"""

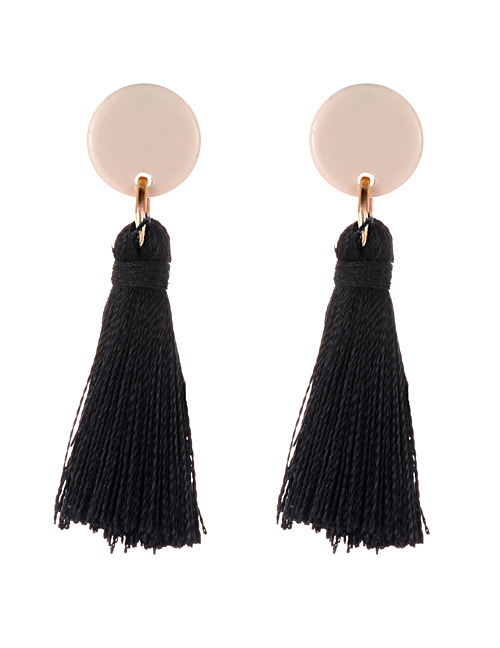Elegant Black Tassel Decorated Long Earrings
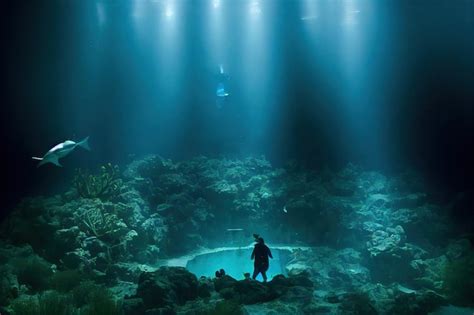 Premium Photo Deep Dark Ocean Floor And Diver Underwater View With A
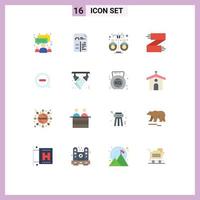 Modern Set of 16 Flat Colors Pictograph of scarf clothes shop budget clothes income Editable Pack of Creative Vector Design Elements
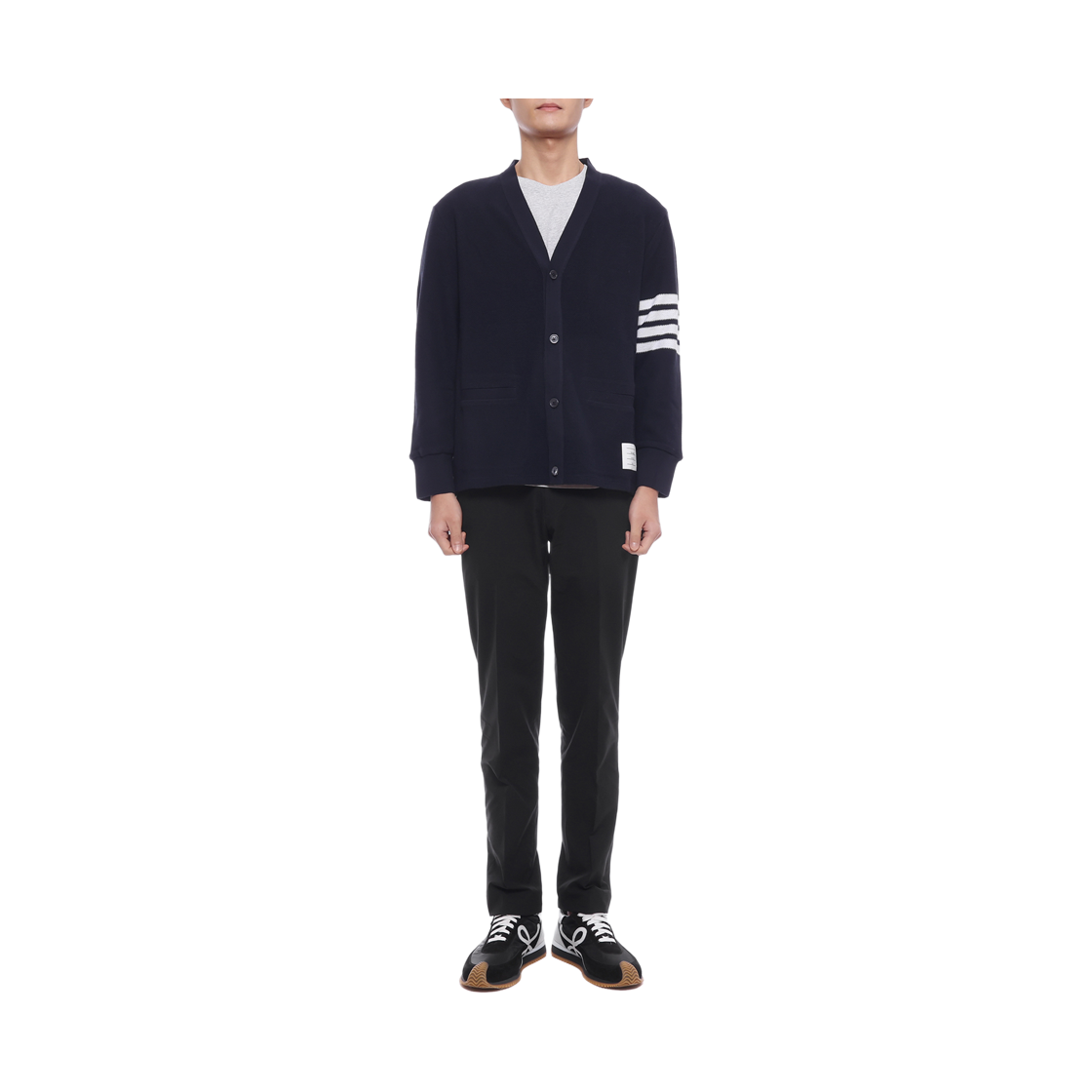 [15% 쿠폰] 톰브라운 텍스쳐드 피케 사선 가디건 네이비([15% 쿠폰] Thom Browne Textured Pique 4-Bar Cardigan Navy) - 3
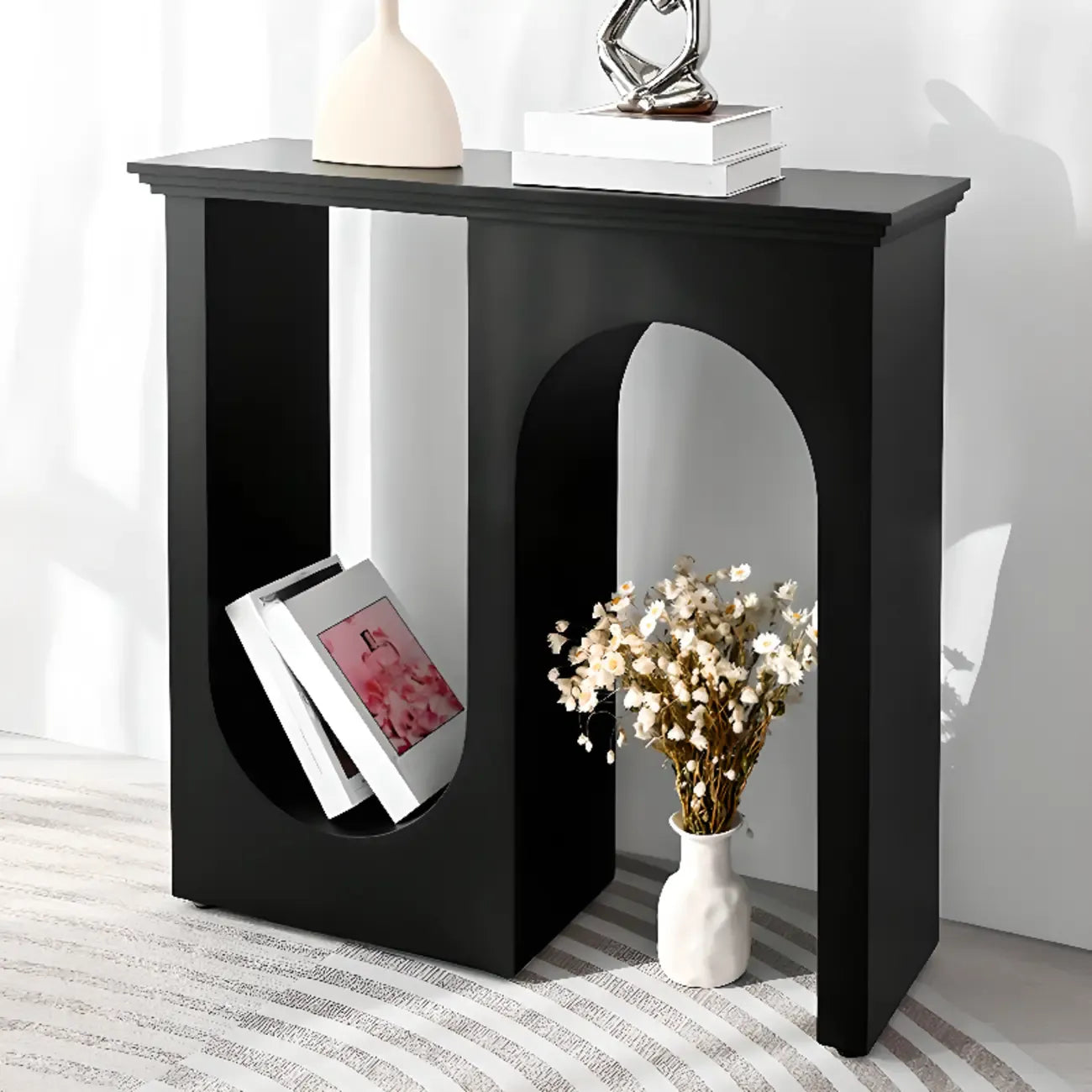 Modern Narrow Wooden Console Table with Arched Base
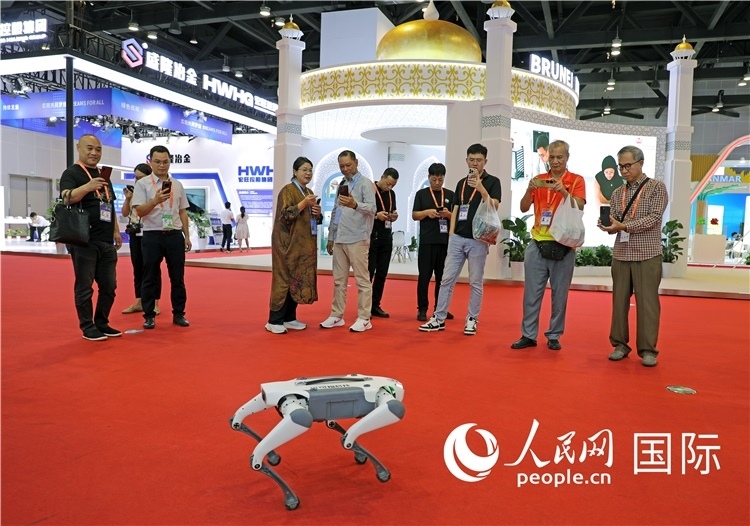 東博會上，觀眾正在參觀一只機(jī)器狗。綠色能源、新能源汽車、綠色農(nóng)產(chǎn)品等成為本屆東博會觀眾關(guān)注的焦點(diǎn)。人民網(wǎng)記者 趙益普攝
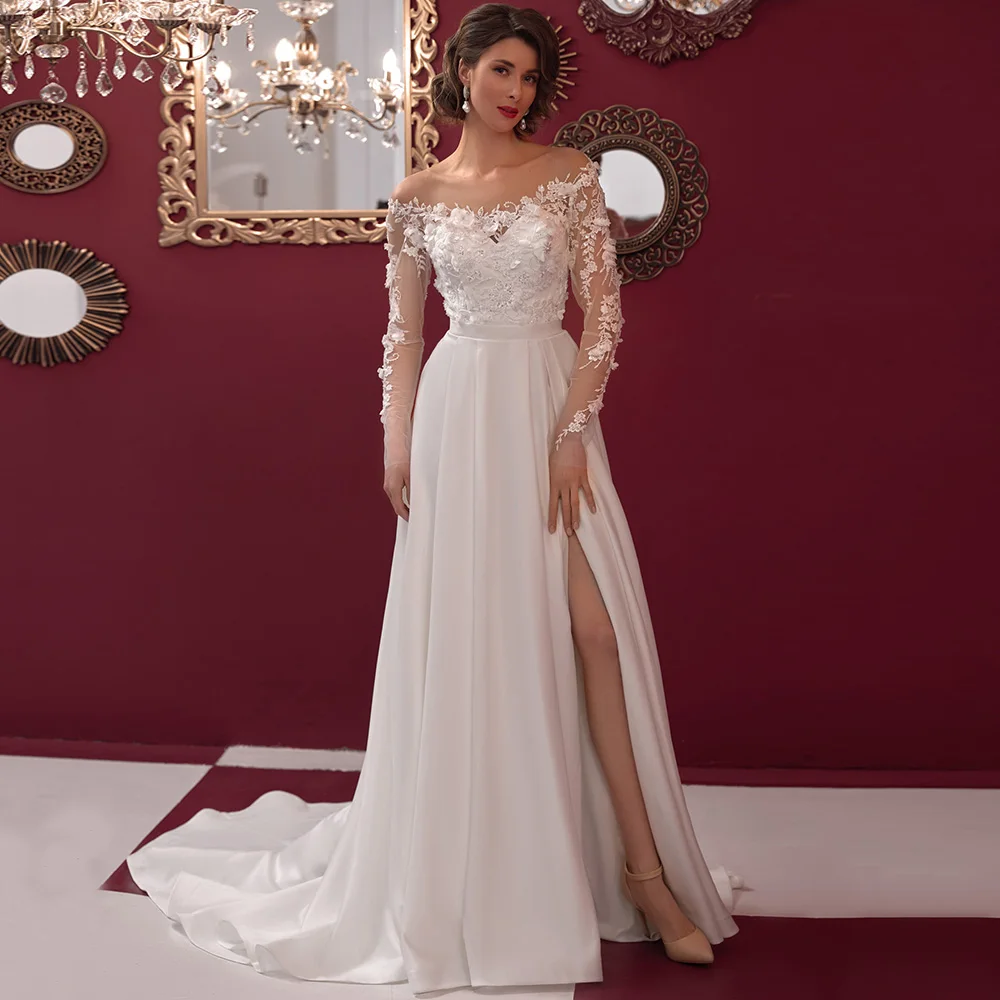 

Modern Appliques Long Sleeves Wedding Dress Customized Vestido De Novia Sheer O-Neck Jersey Side Slit Bridal Gowns for Brides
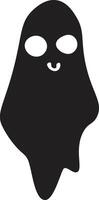 Cute black ghost with a big smile on a white background, perfect for halloween projects vector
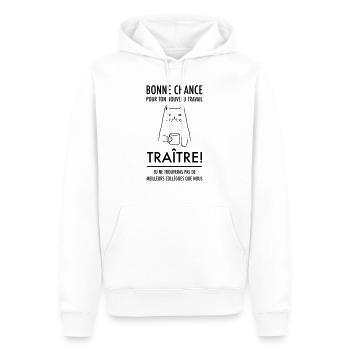 Départ Collègue Travail Nouvel Emploi Chat Humour - Sweat à capuche Premium bio Homme - blanc - Devant - Nico (187cm)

"""

Try it
Go down the entries above from the line containing "Premium Photo Deep" to the line containing "Modern Set of" and write out each line exactly, leaving pictures out.

Task output
 Premium Photo Deep Dark Ocean Floor And Diver Underwater View With A
 Modern Set of 16 Flat Colors Pictograph of scarf clothes shop budget clothes income Editable Pack of Creative Vector Design Elements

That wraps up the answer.